### Problem statement:
Reproduce the listing below character for character; drop every image.

═════ Dataset extract ═════

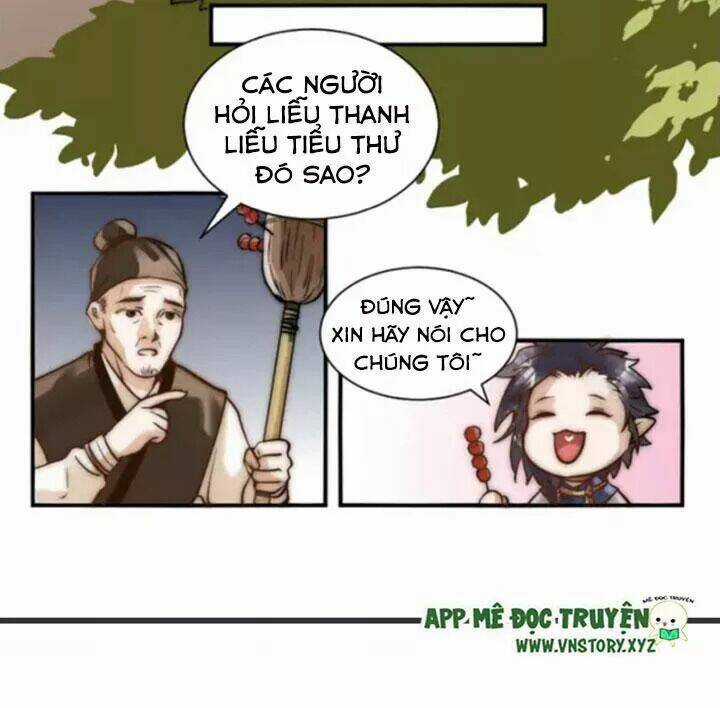 Tiên Nhân Ở Trên Ma Ở Dưới Chapter 7 trang 27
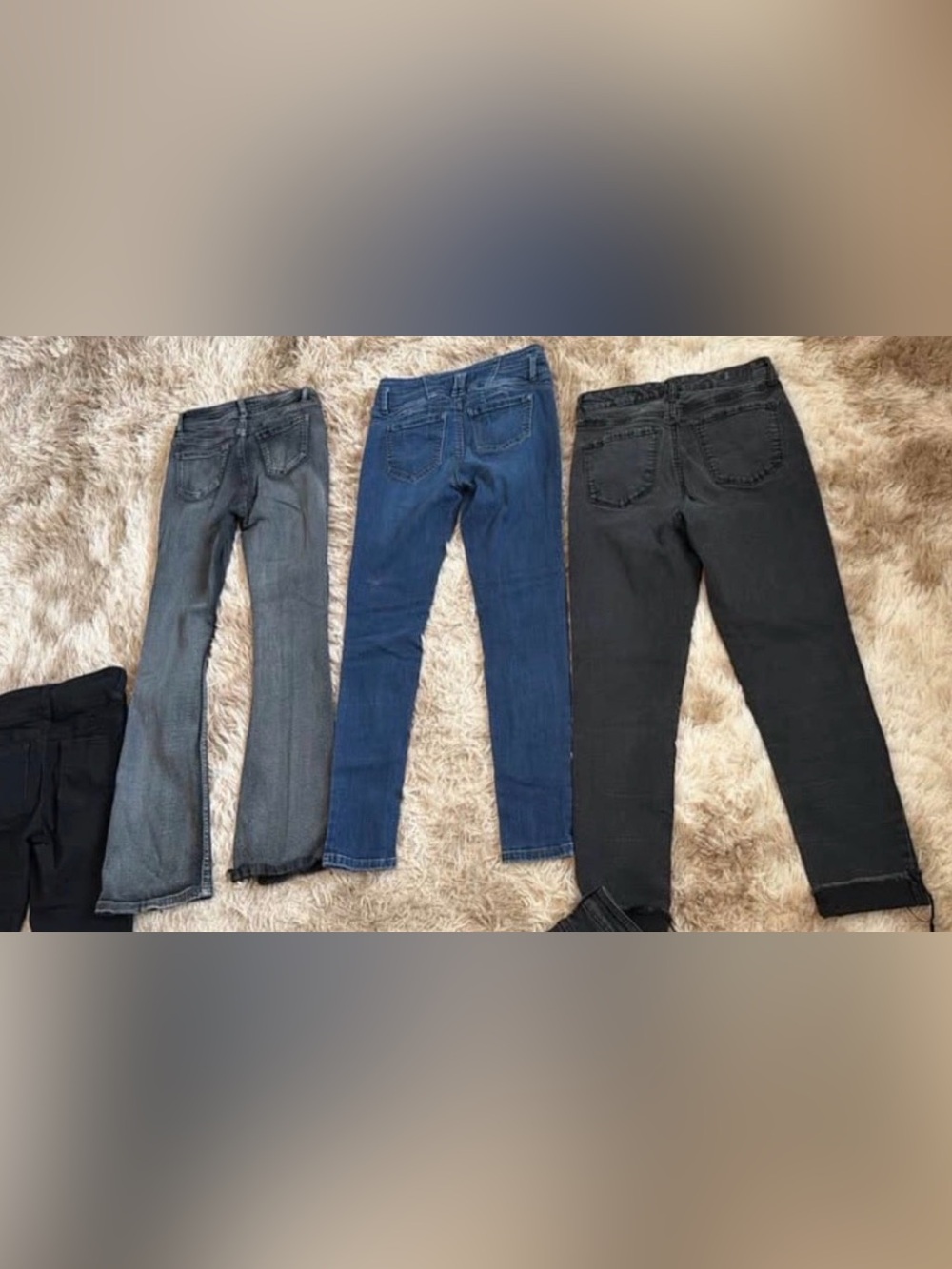 JEANS (bundle) - Picture 8 of 10
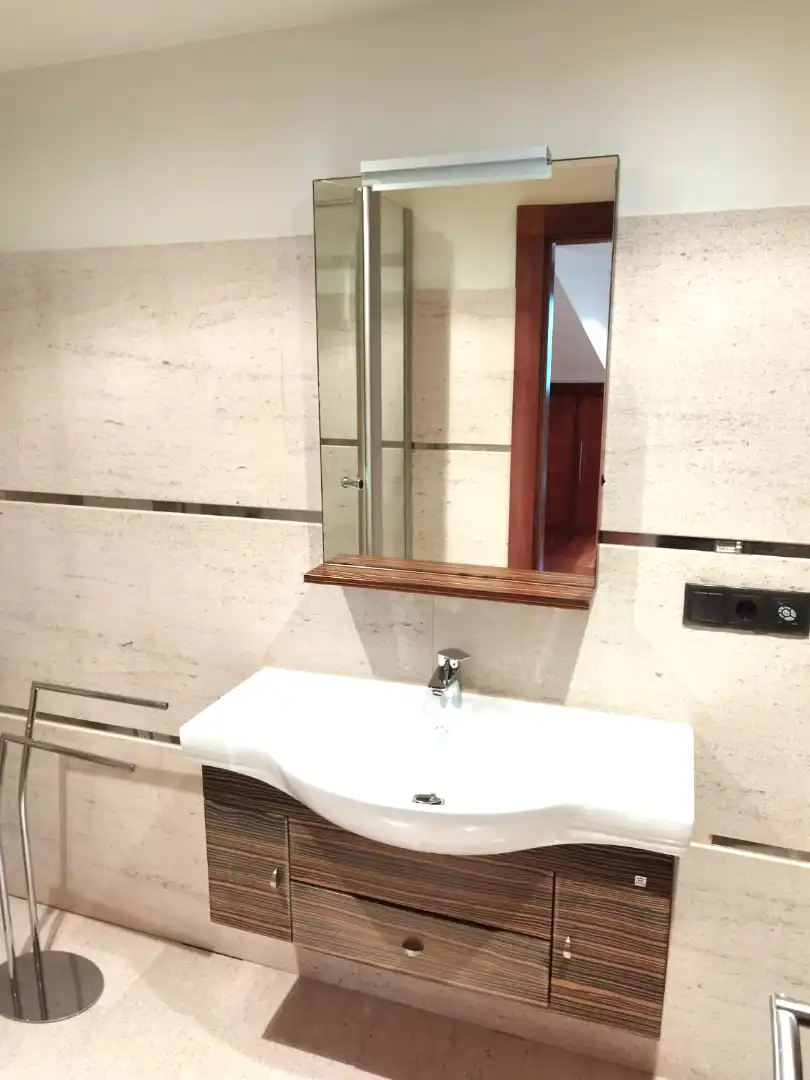 Wohnung 76 m² in Vigo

═════

### Task result:
 Tiên Nhân Ở Trên Ma Ở Dưới Chapter 7 trang 27
 JEANS (bundle) - Picture 8 of 10
 Wohnung 76 m² in Vigo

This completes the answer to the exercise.